The Jaokhels of Yousafzai Malaks Hashimzai at Dandoqa, live a traditional life dominated by Pakhtoon Culture. Education has recently made growth in this tribe, with just a single family to have the greater number of graduates in different fields. The rest of Jaokhels lack any interest in education and that's why literacy ratio is limited to the home of the current chief of tribe only. However, they have made significant goals in field of agriculture, thereby making 90 percent of their income from promoted Agriculture.

Qureshi (Sayyeds)
Qureshi Tribe is also known as Sayyeds. According to their Elders they belong to one of the noble tribe Quraish. which in the most respectable and noble tribe of the Islamic History. Famous known personality are Haji Jameel Ahmad (baba g) and Sahb Ul Haq Shb.

Kaka Khel's
Migrated from Kaka Sahib, Nowshehra, to the village Dandoqa..
Kakakhels are the descendants of an individual, Syed Kasteer Gul who was a famous Muslim scholar. Syed Kasteer Gul belonged to Nowshehra of present-day Pakistan and was popular with the name "Kaka Sahib" in the local Pathan community. His descendants later on spread across Nowshehra, Swabi, Karak.

Others tribes
There are various others small tribes and families like Tharkan Carpenter, Lohar Blacksmith, Parachas, Mochi Shoemakers migrated to village dandoqa from various areas of Khyber Pakhtunkhwa in search of bread and butter and safe life for their families. All the tribes and families have great respect in the eyes of the leading families. 
All small tribes, families respect the elders of the village. and always ask the elders of big families for any problem they are facing in the village.

Education ratio
the education ratio is quite low in the area as majority of the peoples are poor and cannot afford the education expenses of their children. But still a tide of awareness in the peoples is seen especially in all tribes of the village. About 33% of the total village population is literate.

Agricultural status
In agricultural field, the major crops like Wheat, Tobacco, Maize, Sunflower, Rice, Sugar cane, Mustard, Potatoes, and all types of vegetables are cultivated here.

Culture
The common Peoples of Dandoqa, live a traditional life dominated by Pakhtoon Culture. Education has recently made growth in this village. The most of the common people of this village affiliated to Awami National Party, Pakistan Muslim League, Pakistan People Party, Pakistan Tehreek e Insaf, Jamiat Ulema e Islam. The educated class of these tribes are serving in respectable departments (Health, Judiciary, Business, Education, Engineering and Humanitarian Work).

Festivals
Religious festivals like Eid ul Fitar, Eid ul Azhaa and Eid e Melaad, Ramadan Mubarak are celebrated with religious zeal and passion. Other festivals and ceremonies like marriages, engagements, etc. are also celebrated with traditional pomp and show. Beating the drum (dholkey, in local dialect) has been one of the amazing trends followed up till now in marriage ceremonies.

Sports
In sports, Volley Ball and Cricket are the dominating games played in this village. Many young boys are today the players of volleyball for various teams like Pakistan Army, etc. Elders like to play cards in their local gathering houses called "Hujra".

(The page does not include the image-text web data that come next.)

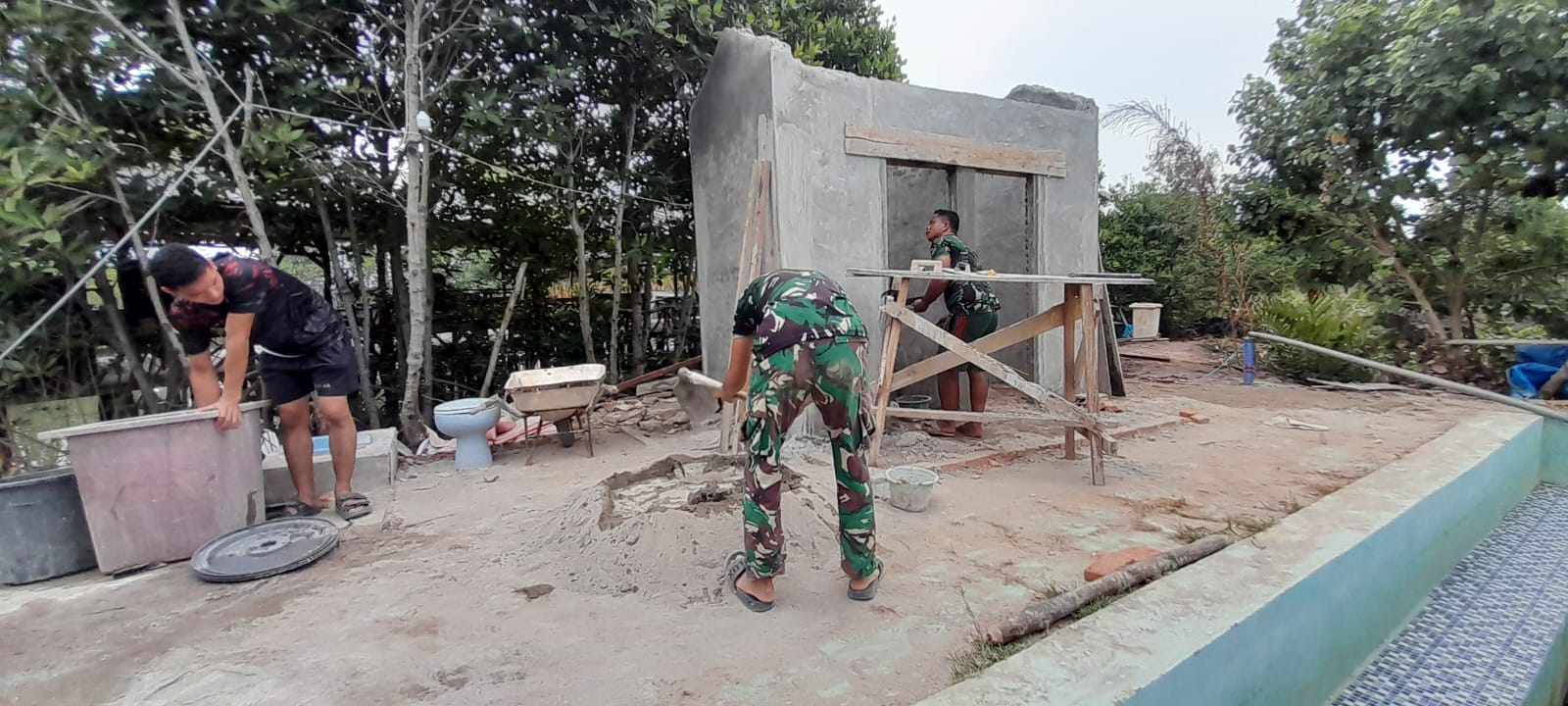 Dua MCK Hampir Rampung,Pak Wahyudi Bakal Miliki Sanitasi Layak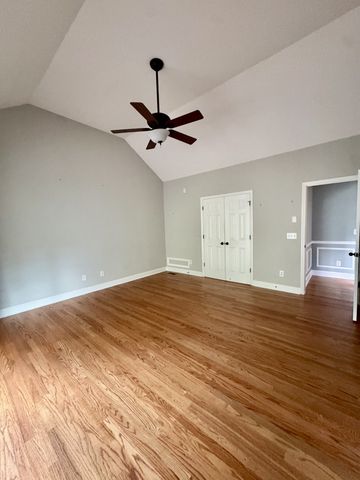 7176 Holt Run Dr, Nashville, TN 37211
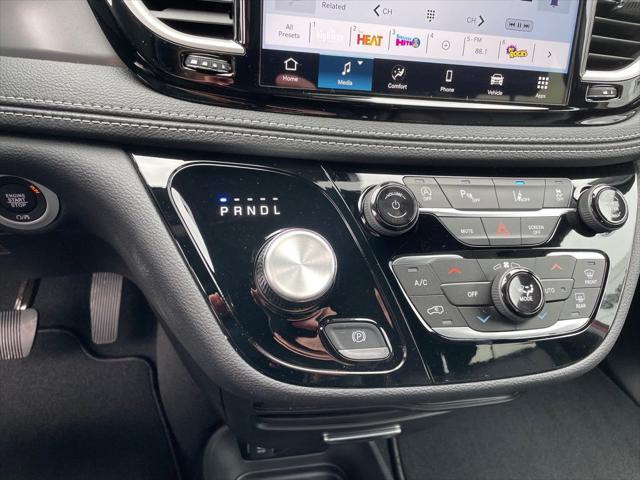 2026 Chrysler Pacifica Select AWD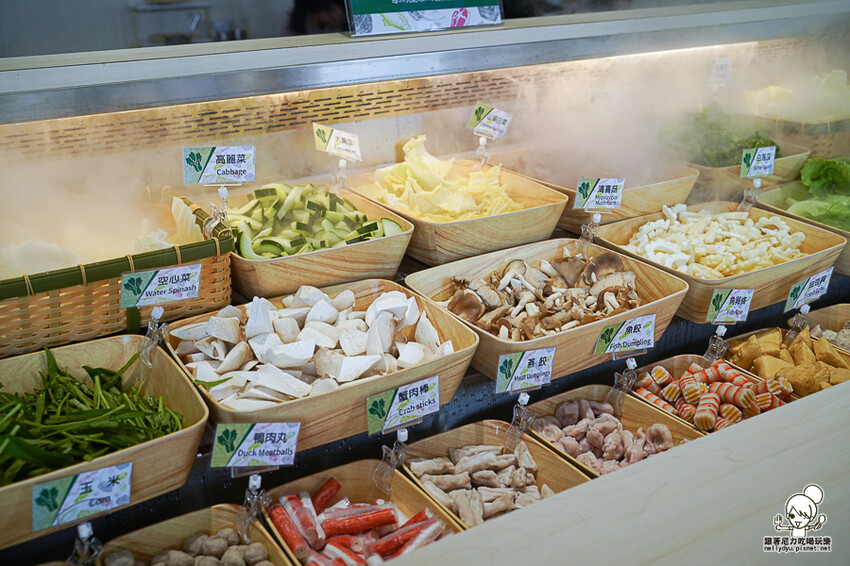 最狂肉肉無限放題、超萌星野牛奶熊泡湯、50種食材自助吧、熟食冰淇淋飲品都不能少 X 星野肉肉鍋 高雄五甲公園店 - 跟著尼力吃喝玩樂＆親子生活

Common life of inhabitants
The people of Dandoka live a traditional rural life. Religious festivals like Eid ul Fitar, Eid ul Azhaa and Eid e Melaad are celebrated with religious zeal and passion. Other festivals and ceremonies like marriages, engagements, etc. are also celebrated with traditional pomp and show. Beating the drum (dholkey, in local dialect) has been one of the amazing trends followed up till now in marriage ceremonies.